*** Block opens ***

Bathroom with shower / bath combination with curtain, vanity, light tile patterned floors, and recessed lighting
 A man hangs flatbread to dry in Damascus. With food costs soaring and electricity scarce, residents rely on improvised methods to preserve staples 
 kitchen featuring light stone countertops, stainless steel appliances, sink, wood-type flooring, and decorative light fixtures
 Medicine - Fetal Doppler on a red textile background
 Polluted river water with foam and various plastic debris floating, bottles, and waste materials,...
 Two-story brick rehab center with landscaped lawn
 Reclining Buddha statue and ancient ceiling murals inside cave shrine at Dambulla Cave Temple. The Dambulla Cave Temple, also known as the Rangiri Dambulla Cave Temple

*** Block closes ***

PROBLEM TO SOLVE.
Across the entries above, tally the lines that contain the string "light" and give that figure alone.

TASK ANSWER.
2